Brief
Exactly as they appear, write the lines from the one containing "面料：羊毛混纺 辅料：全套定制原版辅料" to the final line of the entries, leaving pictures out.

Pictures with short captions
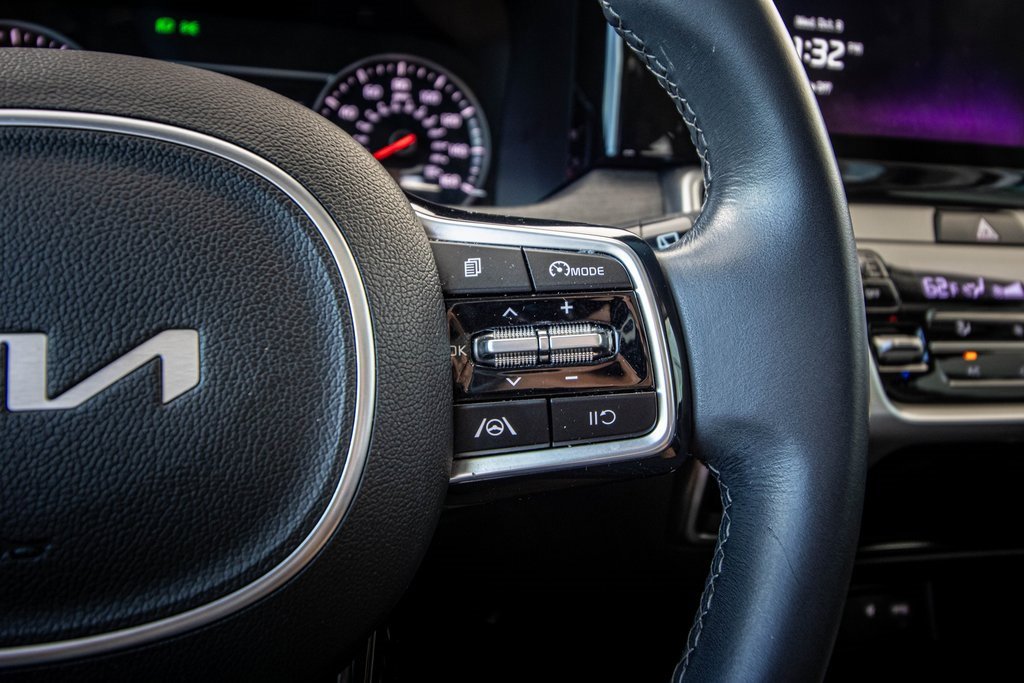 Used 2023 Kia Sorento S w/ Panoramic Sunroof Package image 31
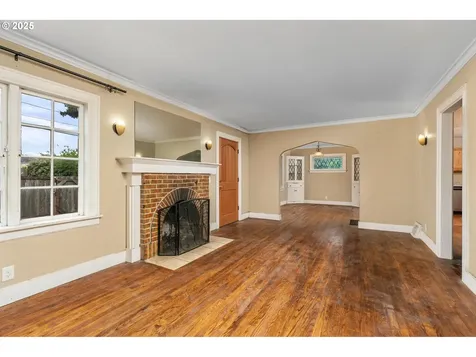 8256 SE Lambert Street Portland OR 97266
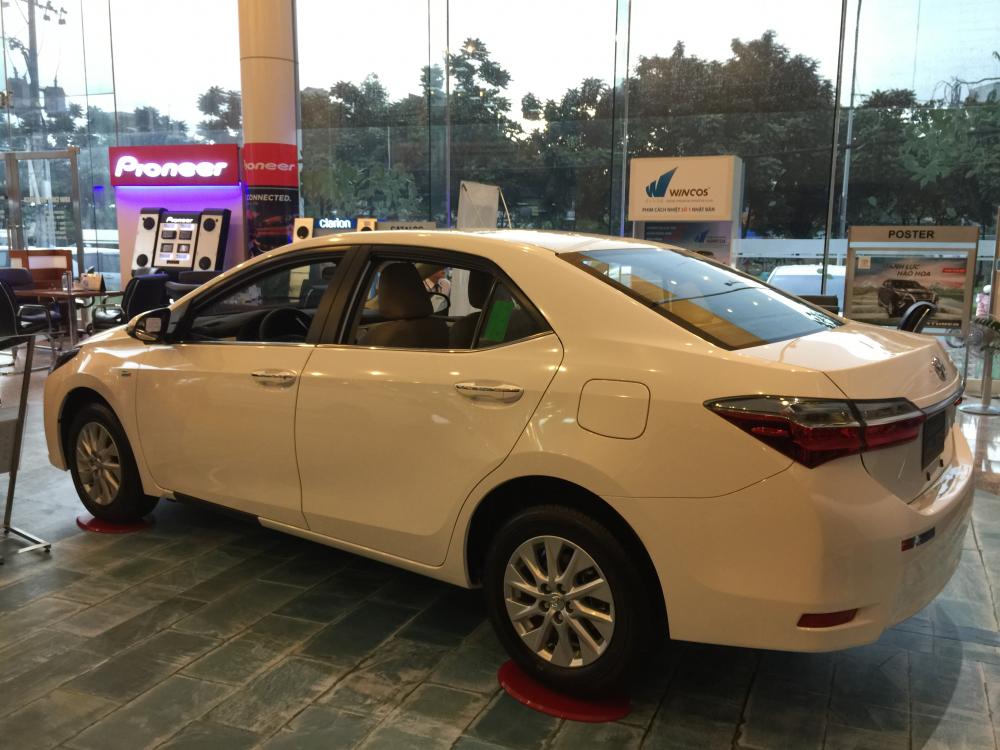 Toyota Corolla altis 2018 - Bán Toyota Altis 1.8E số tự động- Giảm giá 30trđ+ Tặng phụ kiện+ BHVC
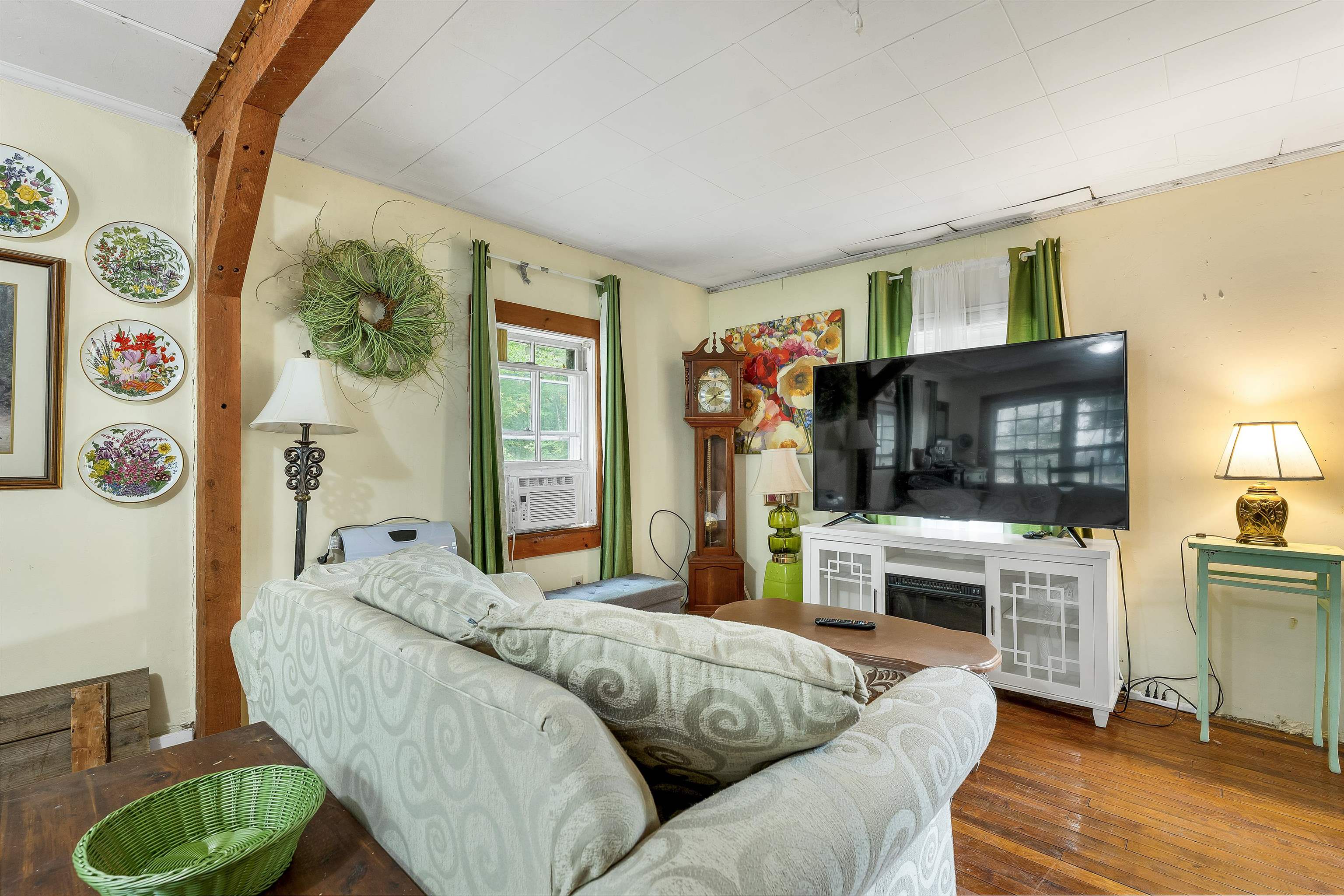 84 North Line Road Property Photo 8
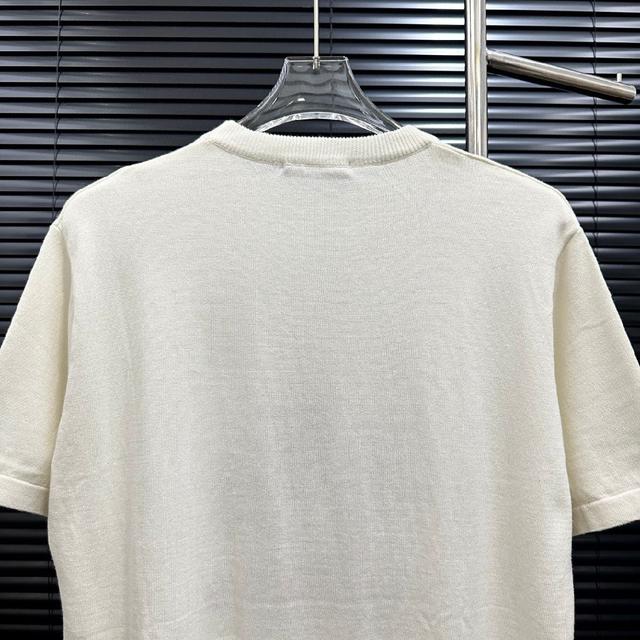 面料：羊毛混纺 辅料：全套定制原版辅料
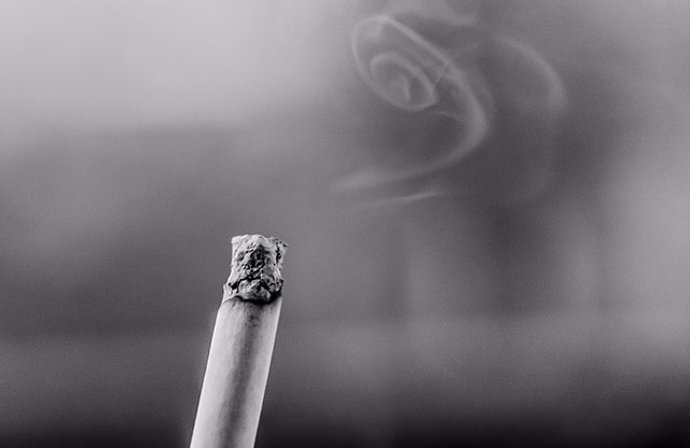 El humo del tabaco empeora sibilancias en menores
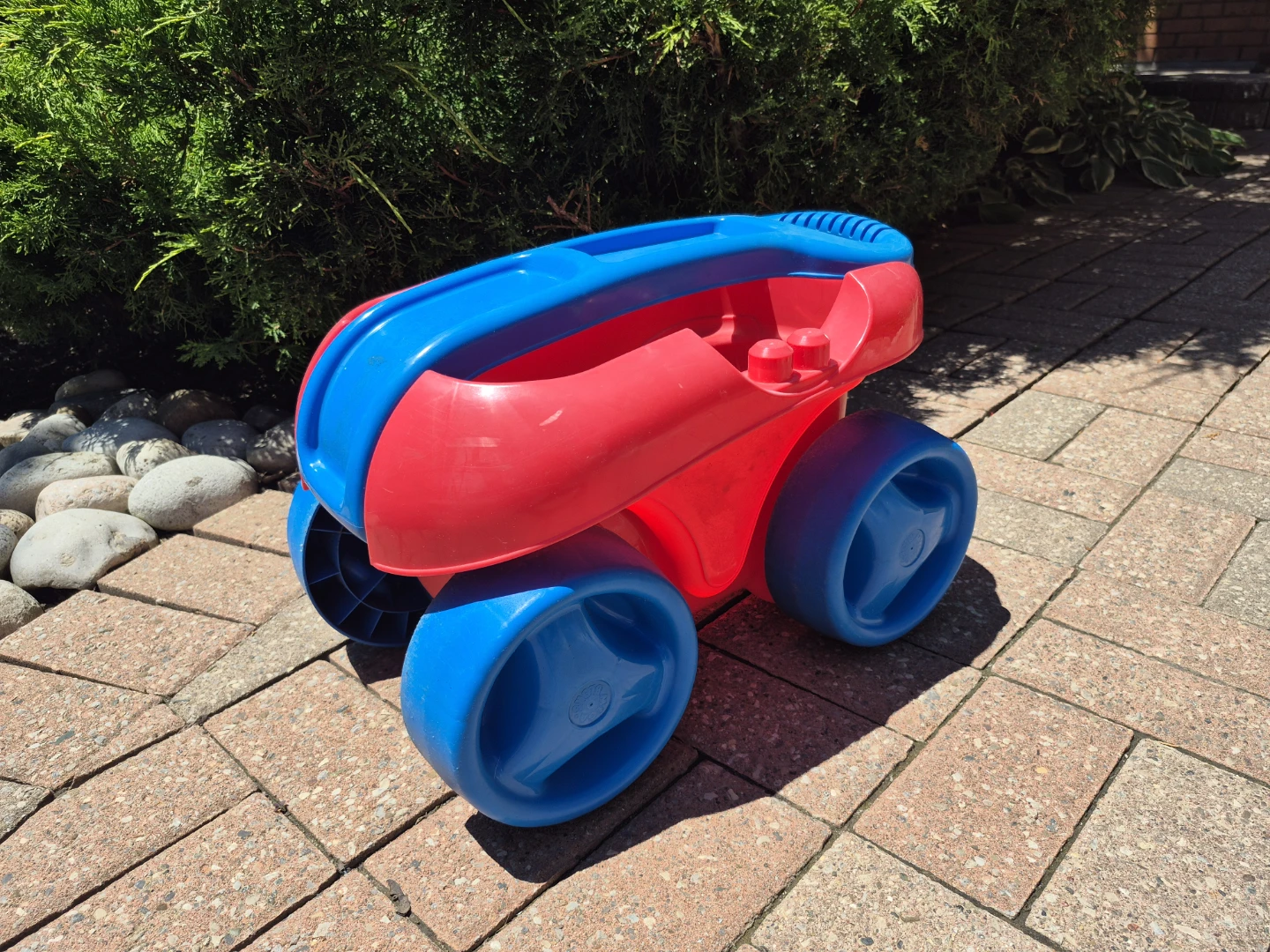 Little Tikes Red and Blue Toy Wagon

Reply to the task
 面料：羊毛混纺 辅料：全套定制原版辅料
 El humo del tabaco empeora sibilancias en menores
 Little Tikes Red and Blue Toy Wagon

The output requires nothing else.